═════ Materials provided
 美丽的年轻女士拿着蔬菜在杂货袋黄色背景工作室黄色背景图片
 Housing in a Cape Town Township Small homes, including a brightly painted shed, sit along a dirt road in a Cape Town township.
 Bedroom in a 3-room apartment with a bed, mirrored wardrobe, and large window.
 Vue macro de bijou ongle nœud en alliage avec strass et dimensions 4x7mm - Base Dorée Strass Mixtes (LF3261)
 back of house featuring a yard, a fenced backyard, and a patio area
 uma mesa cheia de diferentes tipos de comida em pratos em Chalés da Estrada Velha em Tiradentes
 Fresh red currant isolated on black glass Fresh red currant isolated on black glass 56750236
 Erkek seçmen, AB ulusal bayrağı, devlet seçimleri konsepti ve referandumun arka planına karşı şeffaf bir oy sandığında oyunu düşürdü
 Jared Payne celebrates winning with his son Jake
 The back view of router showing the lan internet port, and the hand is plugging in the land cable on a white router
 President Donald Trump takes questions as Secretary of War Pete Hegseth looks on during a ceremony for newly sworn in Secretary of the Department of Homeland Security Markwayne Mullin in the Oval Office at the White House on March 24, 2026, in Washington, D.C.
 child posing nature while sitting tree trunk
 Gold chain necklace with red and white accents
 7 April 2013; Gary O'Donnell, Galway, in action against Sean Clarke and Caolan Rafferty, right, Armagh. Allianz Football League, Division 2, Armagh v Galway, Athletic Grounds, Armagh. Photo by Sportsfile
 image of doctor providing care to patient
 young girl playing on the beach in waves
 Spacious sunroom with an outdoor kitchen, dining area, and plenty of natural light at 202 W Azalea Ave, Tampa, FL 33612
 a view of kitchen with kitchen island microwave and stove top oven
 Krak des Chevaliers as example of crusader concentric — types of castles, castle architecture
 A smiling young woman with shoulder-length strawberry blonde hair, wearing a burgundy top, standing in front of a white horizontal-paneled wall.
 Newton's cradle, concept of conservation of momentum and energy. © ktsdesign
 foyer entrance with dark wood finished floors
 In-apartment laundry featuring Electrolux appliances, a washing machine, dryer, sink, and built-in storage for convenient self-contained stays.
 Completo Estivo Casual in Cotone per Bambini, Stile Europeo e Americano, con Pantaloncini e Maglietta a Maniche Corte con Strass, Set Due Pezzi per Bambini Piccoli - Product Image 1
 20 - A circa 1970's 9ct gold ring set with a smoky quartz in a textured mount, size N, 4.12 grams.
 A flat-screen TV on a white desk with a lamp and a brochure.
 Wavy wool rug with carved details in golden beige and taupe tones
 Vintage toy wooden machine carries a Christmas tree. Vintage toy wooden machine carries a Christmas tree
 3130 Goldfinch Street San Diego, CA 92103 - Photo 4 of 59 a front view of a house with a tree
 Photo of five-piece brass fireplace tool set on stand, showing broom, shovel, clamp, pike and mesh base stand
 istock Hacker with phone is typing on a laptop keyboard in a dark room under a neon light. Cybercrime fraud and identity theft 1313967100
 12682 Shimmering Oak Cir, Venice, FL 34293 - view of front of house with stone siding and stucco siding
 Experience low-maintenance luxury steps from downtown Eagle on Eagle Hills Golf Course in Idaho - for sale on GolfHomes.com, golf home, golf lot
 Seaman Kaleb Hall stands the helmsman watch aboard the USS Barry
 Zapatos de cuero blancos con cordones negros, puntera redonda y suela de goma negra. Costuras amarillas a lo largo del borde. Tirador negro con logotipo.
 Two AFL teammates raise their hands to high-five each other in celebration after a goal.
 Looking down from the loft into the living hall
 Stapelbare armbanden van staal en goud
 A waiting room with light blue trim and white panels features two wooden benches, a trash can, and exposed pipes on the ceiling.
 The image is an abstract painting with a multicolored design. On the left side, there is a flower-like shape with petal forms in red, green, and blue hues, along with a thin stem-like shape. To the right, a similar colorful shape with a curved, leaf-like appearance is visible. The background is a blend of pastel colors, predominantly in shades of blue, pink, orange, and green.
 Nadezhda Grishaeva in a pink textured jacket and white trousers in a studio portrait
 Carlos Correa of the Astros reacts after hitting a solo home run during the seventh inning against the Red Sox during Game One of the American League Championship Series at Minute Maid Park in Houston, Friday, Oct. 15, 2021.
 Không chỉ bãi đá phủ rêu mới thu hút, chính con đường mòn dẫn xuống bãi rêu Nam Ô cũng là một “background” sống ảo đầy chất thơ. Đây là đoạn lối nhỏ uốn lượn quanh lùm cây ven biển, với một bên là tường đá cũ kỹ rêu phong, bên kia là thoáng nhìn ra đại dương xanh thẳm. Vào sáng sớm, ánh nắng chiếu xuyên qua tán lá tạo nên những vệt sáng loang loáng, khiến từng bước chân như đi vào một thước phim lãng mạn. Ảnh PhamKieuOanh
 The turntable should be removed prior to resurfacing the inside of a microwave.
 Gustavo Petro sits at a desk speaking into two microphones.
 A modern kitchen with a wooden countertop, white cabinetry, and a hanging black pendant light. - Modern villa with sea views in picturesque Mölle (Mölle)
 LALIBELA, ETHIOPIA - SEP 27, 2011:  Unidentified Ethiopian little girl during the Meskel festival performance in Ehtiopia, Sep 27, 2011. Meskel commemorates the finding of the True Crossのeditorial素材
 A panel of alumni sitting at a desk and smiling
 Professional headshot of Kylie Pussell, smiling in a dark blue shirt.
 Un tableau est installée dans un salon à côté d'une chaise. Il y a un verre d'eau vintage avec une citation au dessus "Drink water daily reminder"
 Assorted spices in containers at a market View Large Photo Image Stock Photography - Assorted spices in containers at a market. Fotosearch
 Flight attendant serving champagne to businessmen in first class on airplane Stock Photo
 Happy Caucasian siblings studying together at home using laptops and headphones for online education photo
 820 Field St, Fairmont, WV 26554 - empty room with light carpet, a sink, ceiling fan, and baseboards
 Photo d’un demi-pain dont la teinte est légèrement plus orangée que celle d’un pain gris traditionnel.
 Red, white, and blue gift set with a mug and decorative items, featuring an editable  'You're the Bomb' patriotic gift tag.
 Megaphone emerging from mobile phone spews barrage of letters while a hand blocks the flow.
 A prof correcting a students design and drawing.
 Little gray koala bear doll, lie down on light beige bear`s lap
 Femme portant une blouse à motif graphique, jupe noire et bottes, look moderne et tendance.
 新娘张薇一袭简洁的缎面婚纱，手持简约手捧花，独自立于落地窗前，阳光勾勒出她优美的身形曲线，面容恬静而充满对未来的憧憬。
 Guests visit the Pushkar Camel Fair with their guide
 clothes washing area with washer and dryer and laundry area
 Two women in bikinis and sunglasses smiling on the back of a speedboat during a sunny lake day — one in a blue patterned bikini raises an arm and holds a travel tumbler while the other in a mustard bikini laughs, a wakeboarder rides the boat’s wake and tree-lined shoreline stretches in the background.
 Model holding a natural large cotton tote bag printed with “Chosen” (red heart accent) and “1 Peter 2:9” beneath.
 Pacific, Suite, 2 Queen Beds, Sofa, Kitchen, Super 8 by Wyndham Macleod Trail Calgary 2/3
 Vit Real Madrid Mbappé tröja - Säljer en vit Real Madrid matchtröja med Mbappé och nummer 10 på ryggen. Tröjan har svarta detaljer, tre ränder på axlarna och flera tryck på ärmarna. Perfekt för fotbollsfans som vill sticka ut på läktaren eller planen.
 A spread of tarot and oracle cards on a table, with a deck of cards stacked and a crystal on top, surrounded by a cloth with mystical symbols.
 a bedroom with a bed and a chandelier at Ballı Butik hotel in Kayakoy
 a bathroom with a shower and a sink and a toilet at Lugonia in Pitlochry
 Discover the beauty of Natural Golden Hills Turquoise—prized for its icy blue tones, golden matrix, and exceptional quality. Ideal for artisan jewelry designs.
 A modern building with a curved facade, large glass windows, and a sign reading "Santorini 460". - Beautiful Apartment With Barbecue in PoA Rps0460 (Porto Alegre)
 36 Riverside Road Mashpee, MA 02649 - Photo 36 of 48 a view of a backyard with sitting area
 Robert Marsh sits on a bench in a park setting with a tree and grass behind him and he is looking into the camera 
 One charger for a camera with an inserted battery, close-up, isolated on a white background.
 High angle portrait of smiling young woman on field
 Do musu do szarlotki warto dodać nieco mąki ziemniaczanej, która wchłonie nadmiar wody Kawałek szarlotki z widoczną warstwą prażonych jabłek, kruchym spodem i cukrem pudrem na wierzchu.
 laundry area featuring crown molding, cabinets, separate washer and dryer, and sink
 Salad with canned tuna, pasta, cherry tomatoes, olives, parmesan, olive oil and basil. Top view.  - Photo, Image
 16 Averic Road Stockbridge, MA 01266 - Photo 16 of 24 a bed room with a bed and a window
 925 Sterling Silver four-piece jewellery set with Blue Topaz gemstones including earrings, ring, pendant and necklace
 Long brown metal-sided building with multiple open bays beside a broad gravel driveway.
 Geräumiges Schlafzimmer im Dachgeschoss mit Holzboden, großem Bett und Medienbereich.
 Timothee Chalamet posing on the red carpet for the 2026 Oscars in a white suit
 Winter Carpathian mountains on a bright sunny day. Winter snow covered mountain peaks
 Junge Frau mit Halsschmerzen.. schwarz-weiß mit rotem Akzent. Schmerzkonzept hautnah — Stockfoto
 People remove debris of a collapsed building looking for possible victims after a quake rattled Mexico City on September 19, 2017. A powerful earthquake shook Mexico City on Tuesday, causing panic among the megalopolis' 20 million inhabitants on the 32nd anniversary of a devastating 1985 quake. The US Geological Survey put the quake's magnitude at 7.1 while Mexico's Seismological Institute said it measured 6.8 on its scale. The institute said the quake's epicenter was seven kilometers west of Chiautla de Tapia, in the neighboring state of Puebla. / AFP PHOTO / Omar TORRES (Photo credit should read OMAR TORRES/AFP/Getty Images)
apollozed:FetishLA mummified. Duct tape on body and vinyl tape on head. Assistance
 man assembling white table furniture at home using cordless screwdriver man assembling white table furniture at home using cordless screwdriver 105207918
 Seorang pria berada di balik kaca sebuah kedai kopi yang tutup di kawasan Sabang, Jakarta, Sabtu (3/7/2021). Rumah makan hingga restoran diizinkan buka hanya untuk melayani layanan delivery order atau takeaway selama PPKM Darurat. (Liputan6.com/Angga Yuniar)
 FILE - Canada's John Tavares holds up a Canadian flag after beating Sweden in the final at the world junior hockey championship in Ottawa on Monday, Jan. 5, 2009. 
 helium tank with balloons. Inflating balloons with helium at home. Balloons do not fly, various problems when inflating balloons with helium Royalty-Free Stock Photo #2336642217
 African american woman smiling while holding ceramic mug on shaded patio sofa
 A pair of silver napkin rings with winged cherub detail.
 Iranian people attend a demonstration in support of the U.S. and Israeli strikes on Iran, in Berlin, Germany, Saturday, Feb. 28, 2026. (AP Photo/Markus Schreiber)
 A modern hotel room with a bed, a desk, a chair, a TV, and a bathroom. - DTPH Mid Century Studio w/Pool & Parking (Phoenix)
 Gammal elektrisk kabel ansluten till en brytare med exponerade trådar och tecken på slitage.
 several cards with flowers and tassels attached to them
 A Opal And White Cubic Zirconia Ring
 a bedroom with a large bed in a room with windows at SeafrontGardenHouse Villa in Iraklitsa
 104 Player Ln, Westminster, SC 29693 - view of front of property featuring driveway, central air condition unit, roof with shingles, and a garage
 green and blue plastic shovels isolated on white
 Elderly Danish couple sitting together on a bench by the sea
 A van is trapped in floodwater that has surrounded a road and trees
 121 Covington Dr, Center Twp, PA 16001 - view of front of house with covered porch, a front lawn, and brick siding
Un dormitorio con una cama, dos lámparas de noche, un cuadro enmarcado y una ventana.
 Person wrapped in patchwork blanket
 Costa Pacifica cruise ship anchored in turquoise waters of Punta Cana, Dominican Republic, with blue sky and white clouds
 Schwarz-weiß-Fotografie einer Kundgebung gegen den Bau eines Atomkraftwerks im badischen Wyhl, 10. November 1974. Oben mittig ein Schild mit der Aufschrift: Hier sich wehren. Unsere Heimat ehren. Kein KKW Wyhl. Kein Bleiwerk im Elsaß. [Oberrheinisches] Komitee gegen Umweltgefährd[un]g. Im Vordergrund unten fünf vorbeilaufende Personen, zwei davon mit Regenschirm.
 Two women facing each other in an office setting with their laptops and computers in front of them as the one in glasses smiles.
══════════
[Task requirements]
Every line above that holds the word "laptops" should be copied out.

[Exercise response]
 Happy Caucasian siblings studying together at home using laptops and headphones for online education photo
 Two women facing each other in an office setting with their laptops and computers in front of them as the one in glasses smiles.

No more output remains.